On Friday, September 24, 2021, five members of the ALLARM team participated in a best management practices (BMP) tour at Wayward Goats Farm. Our team was greeted by farm owner Tim Wagner and Kristen Hoke, a Restoration Specialist at the Chesapeake Bay Foundation (CBF). The farm is currently a part of the CBF’s Buffer Bonus Program which provides farmers with funding to complete projects such as livestock fencing and streambank buffer installation. The overall goals are to improve water quality and farm profitability.
Throughout the tour, the ALLARM team had the opportunity to talk to Tim Wagner about his motivations behind starting his own goat farm and his personal business goals. Farmer Wagner is a military retiree and says he decided to open a farm because he loves producing his own products and engaging with the local community. Farmer Wagner has owned a section of Wayward Farm for five years now and has been experimenting with different ideas. One of his most recent projects includes selling honey from bees he keeps on the farm. In the future, he hopes to sell goat soap and artisan goat cheese with chocolates and strawberries.
The first component of the buffer program is livestock fencing. As we toured the farm, we noticed that the farm is located on top of a hill, making it a prime location for runoff into the two streams that run through the farm. A great method for preventing stream pollution from livestock, in this case goats, is to keep the animals away from the streams through the use of fencing. With support from the CBF, Wagner installed a pen to confine his goats to the top of the hill, away from the two streams. The obvious complication with this is that keeping livestock away from streams removes their primary drinking source. To resolve this issue, Farmer Wagner installed a self-watering mechanism that allowed the goats to push their noses against a wood panel in order to temporarily fill a bucket with water. Wagner found that, in addition to keeping the goats from entering and disturbing the streams, this mechanism conserves water.
This fall Farmer Wagner will work with CBF to do riparian buffer planting to limit runoff and stabilize the banks. In deciding which species should be grown in the buffer, Farmer Wagner and Restoration Specialist Hoke have examined the farm’s surrounding environment with the goal of planting native species and pollinators. One challenge they have been presented with has been determining ways to work around the underground gas pipeline that runs through the farm. So far, they have planted Sorghum, native vegetation that soaks up runoff water, and plan to plant Black Locust and Honey Locust, which have shallow root systems and therefore will not interfere with the pipeline. They have also planted trees with the goal of attracting honeybees.

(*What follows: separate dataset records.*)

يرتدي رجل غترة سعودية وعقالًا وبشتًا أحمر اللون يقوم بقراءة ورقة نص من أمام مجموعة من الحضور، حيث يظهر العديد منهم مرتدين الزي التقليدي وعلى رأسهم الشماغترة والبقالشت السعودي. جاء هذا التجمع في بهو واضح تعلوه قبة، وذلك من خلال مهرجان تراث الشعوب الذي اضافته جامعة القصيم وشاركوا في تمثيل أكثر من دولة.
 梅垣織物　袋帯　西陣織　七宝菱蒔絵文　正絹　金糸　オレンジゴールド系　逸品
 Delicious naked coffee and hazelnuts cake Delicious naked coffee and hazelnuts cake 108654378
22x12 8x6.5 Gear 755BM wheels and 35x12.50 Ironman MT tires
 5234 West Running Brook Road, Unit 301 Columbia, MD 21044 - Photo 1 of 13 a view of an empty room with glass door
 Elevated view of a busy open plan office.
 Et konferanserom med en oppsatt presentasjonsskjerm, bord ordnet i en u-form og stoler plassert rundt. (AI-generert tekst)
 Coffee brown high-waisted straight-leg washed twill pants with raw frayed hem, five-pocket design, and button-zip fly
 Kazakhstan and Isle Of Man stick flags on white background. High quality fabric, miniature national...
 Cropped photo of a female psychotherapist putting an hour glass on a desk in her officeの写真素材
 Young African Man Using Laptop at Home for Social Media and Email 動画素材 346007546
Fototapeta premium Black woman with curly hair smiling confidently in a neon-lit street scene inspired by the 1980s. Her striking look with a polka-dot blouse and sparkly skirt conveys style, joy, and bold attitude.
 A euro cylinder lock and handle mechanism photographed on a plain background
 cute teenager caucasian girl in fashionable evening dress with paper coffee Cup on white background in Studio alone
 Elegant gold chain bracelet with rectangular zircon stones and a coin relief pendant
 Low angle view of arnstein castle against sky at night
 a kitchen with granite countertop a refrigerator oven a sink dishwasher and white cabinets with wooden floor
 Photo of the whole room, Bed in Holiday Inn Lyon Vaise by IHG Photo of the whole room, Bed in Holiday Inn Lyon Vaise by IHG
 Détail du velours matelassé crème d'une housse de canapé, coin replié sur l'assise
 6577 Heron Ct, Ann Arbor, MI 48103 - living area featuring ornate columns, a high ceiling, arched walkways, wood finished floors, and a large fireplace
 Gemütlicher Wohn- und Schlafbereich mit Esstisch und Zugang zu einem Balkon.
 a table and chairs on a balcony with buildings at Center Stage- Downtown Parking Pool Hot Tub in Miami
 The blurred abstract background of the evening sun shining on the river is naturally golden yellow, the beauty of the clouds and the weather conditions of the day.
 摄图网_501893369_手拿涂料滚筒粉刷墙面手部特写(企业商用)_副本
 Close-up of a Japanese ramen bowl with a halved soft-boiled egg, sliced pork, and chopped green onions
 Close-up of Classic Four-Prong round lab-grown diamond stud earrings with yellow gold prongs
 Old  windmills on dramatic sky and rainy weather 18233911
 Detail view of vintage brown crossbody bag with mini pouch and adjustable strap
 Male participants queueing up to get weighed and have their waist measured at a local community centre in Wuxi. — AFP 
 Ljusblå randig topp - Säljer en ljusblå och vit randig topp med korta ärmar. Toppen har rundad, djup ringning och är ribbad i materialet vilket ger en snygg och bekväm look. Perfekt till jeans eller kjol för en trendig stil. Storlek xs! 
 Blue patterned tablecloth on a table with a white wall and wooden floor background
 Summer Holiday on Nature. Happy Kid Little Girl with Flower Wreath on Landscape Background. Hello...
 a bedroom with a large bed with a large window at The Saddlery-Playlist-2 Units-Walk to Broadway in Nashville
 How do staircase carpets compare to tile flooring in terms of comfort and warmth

During our visit, Wagner made the point that, despite the rise in organic farming, there is, “No way to be organic without grants and subsidies.” This emphasizes one of the major economic challenges small-scale farmers like Wagner face in enforcing the best management practices while also trying to make a living. Fortunately, there are programs, such as the Clean and Green tax incentive program, which provide tax breaks to landowners who commit to using their land (that must be 10+ acres) for farm use. This program, along with the Buffer Bonus program, are not enough to provide every farmer with means to be sustainable, but they are certainly a start.
Overall, the implementation of BMPs through CBF’s Buffer Bonus Program seeks to ensure that Wagner’s goats stay healthy while also promoting local water quality. Restoration Specialist Kristen Hoke hopes that the success of Wayward Goats Farm will encourage neighboring farmers to adopt similar practices.